Paying primary-care physicians more is a proven winner, but a Michigan study indicates that health plans playing penny-ante get what they pay for.

Health Affairs published a study recently entitled "Michigan's Fee-For-Value Physician Incentive Program Reduces Spending and Improves Quality in Primary Care."

While the title is technically accurate, the study shows a lower increase in spending versus non-participants. Actual year over year costs rose for both.

The authors "analyzed the program's impact on quality and spending from 2008 to 2011 for over three million beneficiaries in over 11,000 physician practices." That's a big study, and, while the abstract touts, "participation in the incentive program was associated with approximately 1.1 percent lower total spending for adults (5.1 percent lower for children) and the same or improved performance on eleven of fourteen quality measures over time," that is not the whole story upon reading the entire study.

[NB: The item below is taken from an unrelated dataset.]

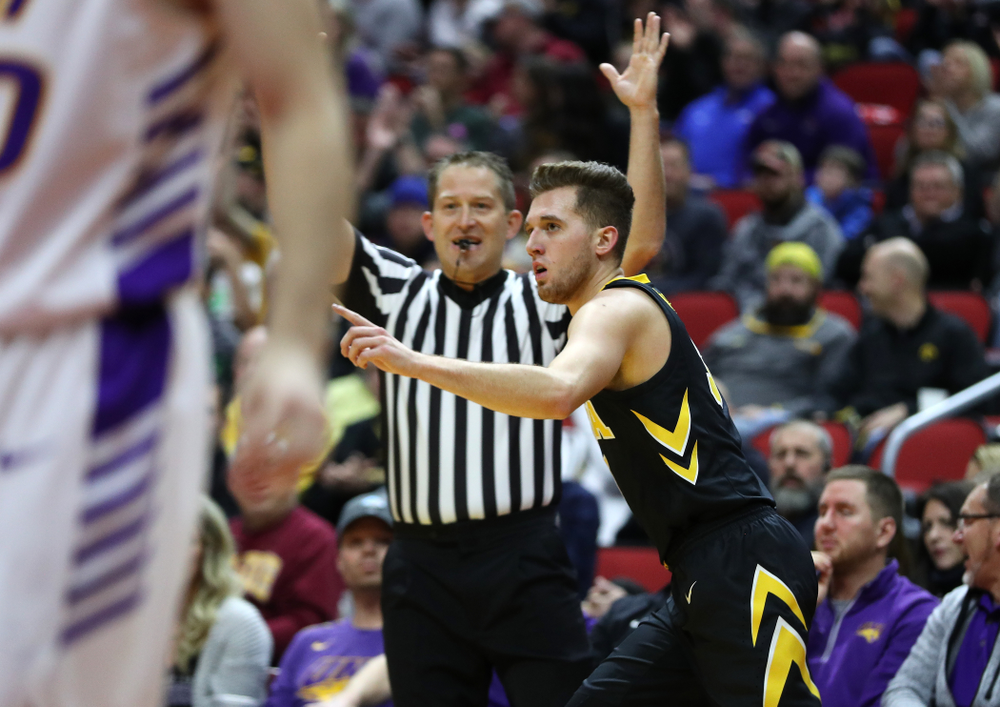 Iowa Hawkeyes guard Jordan Bohannon (3) against the Northern Iowa Panthers in the Hy-Vee Classic Saturday, December 15, 2018 at Wells Fargo Arena in Des Moines. (Brian Ray/hawkeyesports.com)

The study’s performance analysis shows that physicians participating in the incentive program delivered 1.1 percent overall reduction in spending, or $3.53 per member per month, compared to non-participants. Over two-thirds of physicians participated versus one-third who, for whatever reason, declined to try to get a bonus of up to 20 percent of their fees, or did not qualify. Using physicians turning down a chance to earn free money even if they just got a participation award as a cohort group may not have been the best choice

Saving 1.1 percent is a big deal to the plan, which the study says raked in $126 million in savings annually, and over $500 million over the study period. If all of the participating physicians received the full 20 percent bonus, the plan would have paid about the same $500 million in bonuses over the study period.  Most primary-care physicians, however, did not reach the high bar set by the plan despite investing significantly in time and hard cash to do so.

Of course, not everyone worked harder or invested their resources to chase this prize. The consistently reliable 80/20 rule applies here, where 80 percent of the reduced spending was delivered by 20 percent of the participants. This will likely be a close barometer to real life, meaning that only 20 percent of high performers earned rewards.

It's a great deal for the plan. It's a bad deal for the primary-care physicians who made it all happen.

The statement, "Savings over our four-year study period are especially remarkable in light of increased office visit payments to physicians who performed well in the program and the inclusion of practices that were in their first year of participation in the program," could also be cynically interpreted to mean that the plan stacked the deck in its favor.

I agree that the conclusion that physicians and plans working together will deliver good things and has value.

My conclusion is, however, that without real partnerships between physicians and health plans, even these tepid results have a short life span.